シーズン6を迎えた『フォートナイト』のバトルロイヤルモードは、9月末より運営2年目に突入

Tim Sweeney氏は弊誌インタビューにおいても「『フォートナイト』では毎週アップデートを配信しています。プレイヤーたちはゲームの何が好きで何が嫌いだったのか毎週フィードバックを寄せてくれますし、私達は彼らのニーズに応えられるよう、すぐさまゲームに変更を加えられます。結果として、かつてない速度でゲームの改善を進められるようになりました。私は、このモデルこそがゲーム業界にとって最良の選択だと思っています」と説明しているように、長期運営を想定したゲームづくりに強く注目していることがうかがえる。

巨大なプレイヤーベースをかかえ、かつ週次アップデートを続けている『フォートナイト』との相乗効果により、『フォートナイト』だけでなくKamuのサービスを利用する他デベロッパーにも恩恵が行きわたることだろう。この点、kamuのCEO Simon Allaeys氏も、Epic Gamesグループの一員になることは「開発者たちが優れたゲーム体験を構築できるよう手助けをするという、私たちのミッションを推し進める」上でも有益であるとコメントしている。

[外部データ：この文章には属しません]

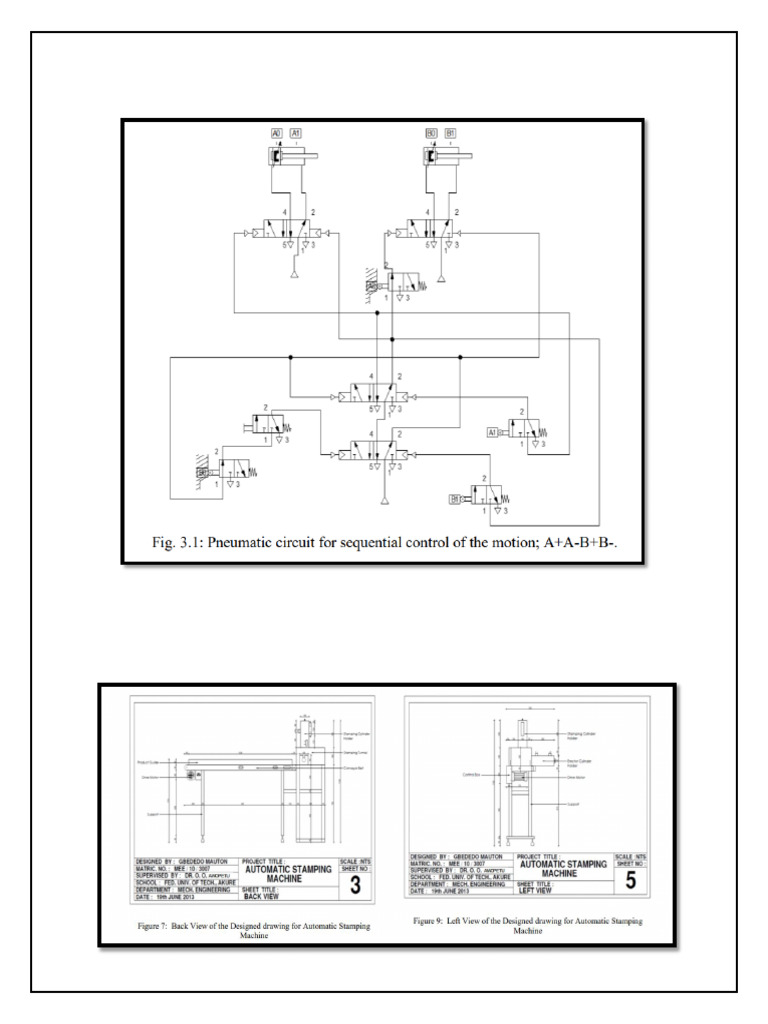 Circuit-Flud Power | PDF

最近の事例としては今年8月に早期アクセス入りした『SCUM』でも採用されている

『フォートナイト』はチート被害とは別途、マルウェア配布・フィッシング詐欺の拡散材料として使われることも多い。最近では、『フォートナイト』の無料チートツールと称したマルウェアをダウンロードさせる手口が出回っていると、マルウェア発見・除去ツール販売元のMalwarebytesが報告している。こうしたゲーム外での被害については、ユーザー自身である程度身を守れるよう、個人での対応が必要となってくる。なお『フォートナイト』ではアカウントの2段階認証有効化をゲーム内で積極的に推奨している(ロード画面での注意書き、2段階認証有効化にともなう報酬)。

バトルロイヤルゲーム『PLAYERUNKNOWN’S BATTLEGROUNDS』でもチート対策は最重要課題のひとつとして挙げられており、10月頭には累計1300万人以上のユーザーがBAN済みであると報告されている(関連記事)。現在でもチートプログラムの検出およびブロック、法的措置、ハードウェアBANなどの取り組みが進行中である。チート対策は、バトルロイヤルゲームに限らずオンライン・マルチプレイゲームでは避けては通れない道。長期運営を想定したタイトルであれば尚更であり、その代表格となった『フォートナイト』を有するEpic Gamesが、『Counter-Strike 1.6』時代からノウハウを積み重ねてきたKamuを配下に置くことで、ゲーム体験の向上につながることを期待したい。